The four gospels used/plagiarised it, and rewrote it with additions concerning Christianity's link to Judaism.
>correct again, that is what Marcion, according to Tertullian, states (you can also check my new monograph on this topic Tertullian's Preface to Marcion's Gospel, Leuven:Peeters 2016).
This angered him, did he then rewrite another one? Taking out the things they added concerning Judaism?
>It angered him, as he saw his intention distorted. He did not write another one (perhaps only slightly updated it), but now he decided to publish it together with the preface on which Tertullian relies, and together with 10 Pauline Letters. This is the book, he called by the term he now coined as "The New Testament" to make it absolutely clear, that this New Testament should not be linked (as in the plagiarising Gospels) with what already Paul called the Old Testament (now by Marcion taken als a book).
If this is correct, would it be possible to form an argument that it may be true Christianity therefore did not come from Jewish roots as he wrote the original doctrine and none of the links were included? Or is it more reasonable to say that due to his determination to make Christianity separate he just didn't include the obvious links to Judaism? And the four gospels realised this and therefore rewrote it including the important common tradition?

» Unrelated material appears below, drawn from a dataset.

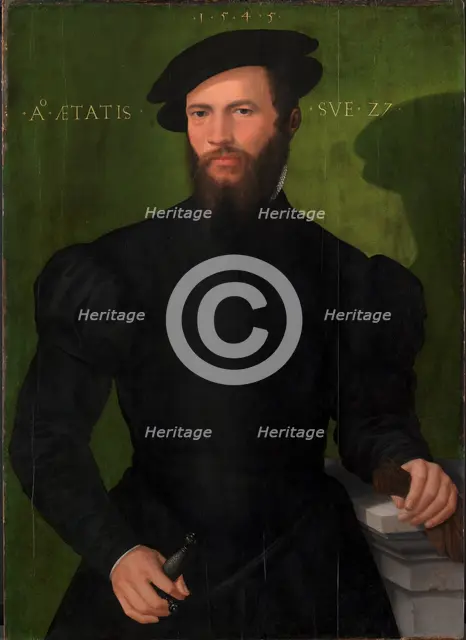 Portrait of a Gentleman aged 27, 1545. Creators: Master of the 1540s, Georg Pencz.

>I would think along a middle line between your two thoughts. Don't forget, even if you want to distinguish yourself from what you now construct to be 'Judaism', you start from this construction of yours. And in this regard the 'New' is not such a novelty as you want to have it. And in this regard, Marcion is not fundamentally different from those who plagiarised them - the difference lies in that he consciously wanted to dissociate himself and what he perceived and even termed to be 'Christianity' from what he saw to be 'Judaism' and begin a separate heresy and tradition, whereas his plagiarisers saw 'Christianity' as heirs of the Jewish tradition which disinherited all those other Jews who from now on were no longer regarded as 'verus Israel' (true Israel), as Justin states.
I would quicker say that the lack of ascription led to the idea that it was a hypomnema. The same kind of speculation led Tertullian or his source to say that the gospel was incomplete. The same kind of creative speculation leads Like (and Mark) to be distinguished as "apostolic rather than an apostle" apostolic being a name or description of the Pauling corpus. These sort of wild speculations (lies) were strangely common place in early Patristic sources. It implies to me that those speculating were outsiders to the tradition they were making wild speculations about.